| INFORMATION |
·····

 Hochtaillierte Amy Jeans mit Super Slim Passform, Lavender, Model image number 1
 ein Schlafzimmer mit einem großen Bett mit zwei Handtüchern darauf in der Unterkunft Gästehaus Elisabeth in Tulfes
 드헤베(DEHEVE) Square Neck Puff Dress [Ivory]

·····

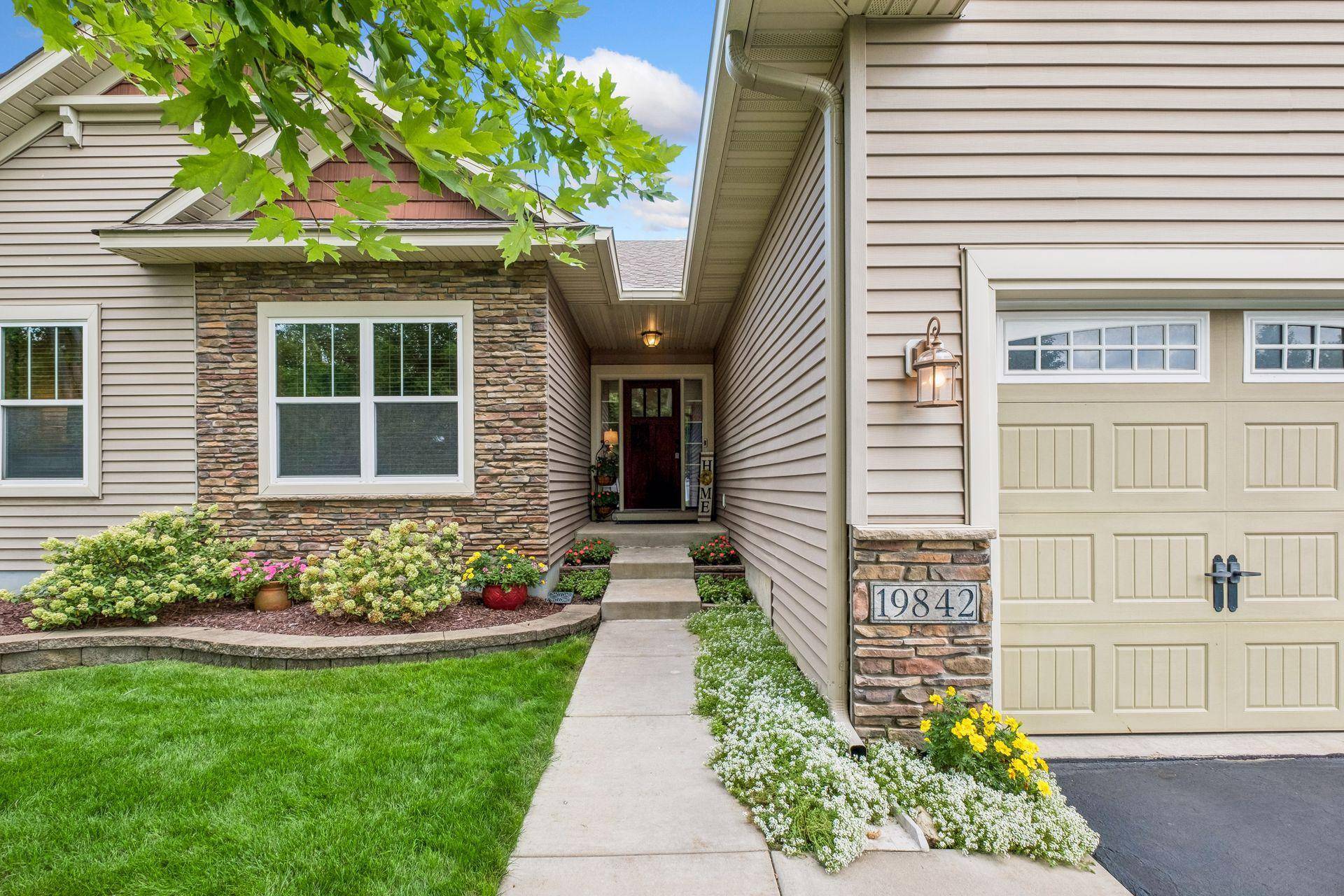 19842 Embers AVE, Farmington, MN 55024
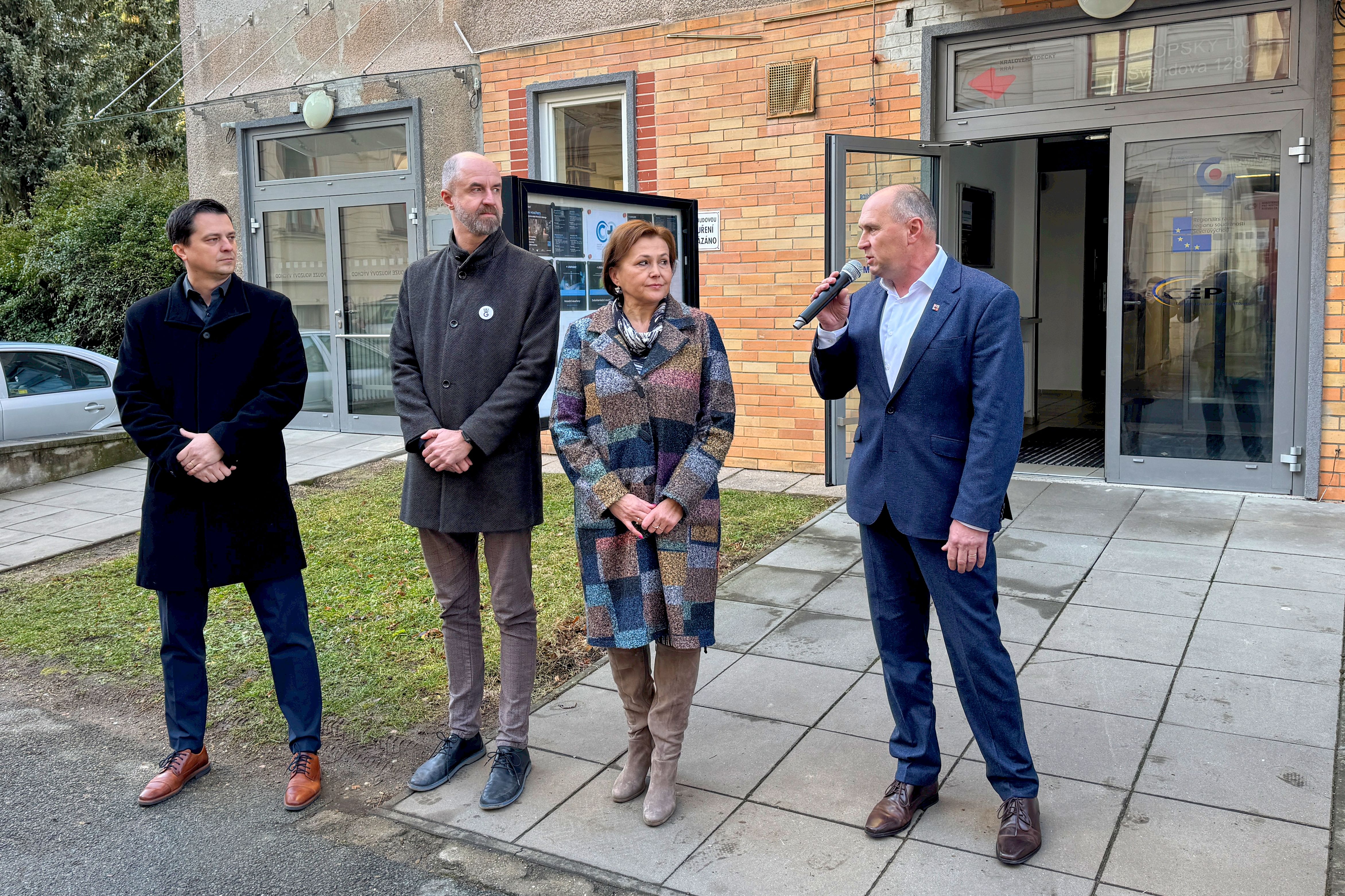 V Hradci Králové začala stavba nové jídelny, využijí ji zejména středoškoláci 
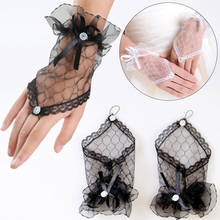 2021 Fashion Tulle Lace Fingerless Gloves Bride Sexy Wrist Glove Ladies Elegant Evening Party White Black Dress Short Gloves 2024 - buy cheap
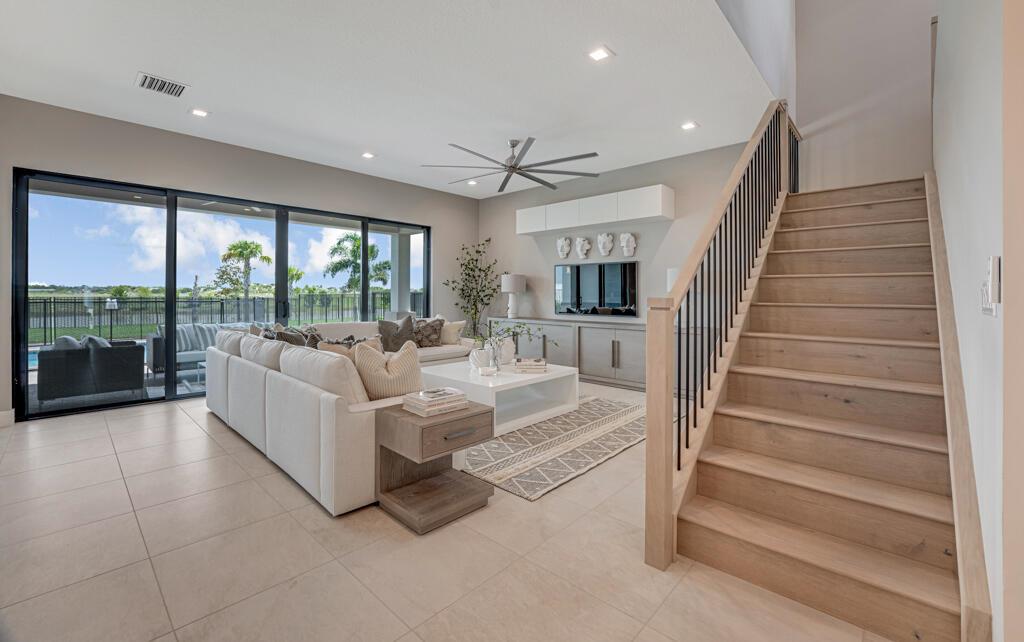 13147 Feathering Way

·····

| REQUIRED ACTION |
The answer is the lines above from the one with "2021 Fashion Tulle" to the one with "13147 Feathering Way", set down exactly, with no pictures.

| ANSWER SPACE |
 2021 Fashion Tulle Lace Fingerless Gloves Bride Sexy Wrist Glove Ladies Elegant Evening Party White Black Dress Short Gloves 2024 - buy cheap
 13147 Feathering Way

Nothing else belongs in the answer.